June 28, 2010

Racking the 2009s

Here is a picture of the my nine barrels of 2009 Vincent pinot noir, getting racked at the winery in Portland. For those not clear on racking, that's the process of moving the wine from barrel to barrel to separate it from its sediment. It's also a nice chance to areate the wine a bit, which can help round out the flavors and texture. Too much areation and your wine will tastes oxidized. Too little and it can be a little "reduced" or stinky. This is the only racking before bottling, pretty traditional and useful especially for unfiltered wine.

The process is pretty simple but time consuming. Using inert gas like nitrogen or argon, you use gentle pressure to push the wine out of one barrel through a hose to an empty barrel. Since barrels are in pairs on barrel racks, you rack two barrels in to empties, clean the emptied barrels, then rack two more barrels into those clean ones. And so on. If you don't start with two empty, clean barrels to rack into, you can fill two small tanks. Then at the end, you pump that wine back into the final two barrels once they've been cleaned. Like most winemaking tasks, it's really mostly about cleaning. Cleaning beforehand, working and cleaning things as you go, then cleaning everything again. Mom would be proud.
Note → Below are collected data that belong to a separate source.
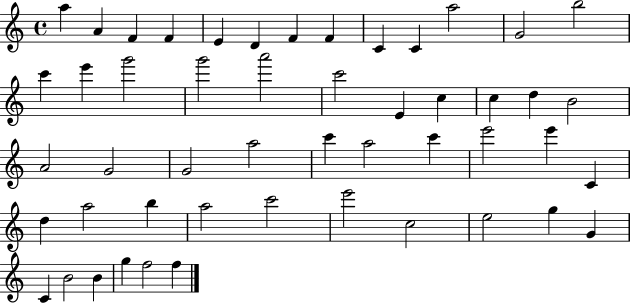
{
  \clef treble
  \time 4/4
  \defaultTimeSignature
  \key c \major
  a''4 a'4 f'4 f'4 | e'4 d'4 f'4 f'4 | c'4 c'4 a''2 | g'2 b''2 | \break c'''4 e'''4 g'''2 | g'''2 a'''2 | c'''2 e'4 c''4 | c''4 d''4 b'2 | \break a'2 g'2 | g'2 a''2 | c'''4 a''2 c'''4 | e'''2 e'''4 c'4 | \break d''4 a''2 b''4 | a''2 c'''2 | e'''2 c''2 | e''2 g''4 g'4 | \break c'4 b'2 b'4 | g''4 f''2 f''4 | \bar "|."
}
All this work is in preparation for bottling at the end of August. At that time, we'll rack the barrels again into two tanks. One for the main Eola-Amity Hills bottling, which will be most of the production. The other for the Zenith single vineyard bottling, just 24 cases.

How are the wines tasting? You don't have to believe me, how can I be objective, right? But the wines taste really good. I'm excited for the freshness in the wines, something you don't always get from hotter growing seasons like 2009. All the barrels smell and taste good. A friend tried the Zenith and commented on the savoriness. That's exactly what I'm going for. No candy sweet flavors here.

June 26, 2010

élevage and 32 Days of Natural Wine

My contribution on natural wine is the feature of Day 8 of Saignee's 32 Days of Natural Wine. To me, natural wine is all about your intention to make something that reflects the grape, the place and the season without any improvements.

June 24, 2010

A field trip to reWine Barrels in Salem

Anne Hubatch of Helioterra and I took a field trip recently to reWine Barrels in Salem, OR. What an interesting visit. reWine is the barrel refurbishing business of father-in-law and master woodworker Todd Dollinger and son-in-law Trent Thomas, a former New Seasons wine buyer among other wine industry experience.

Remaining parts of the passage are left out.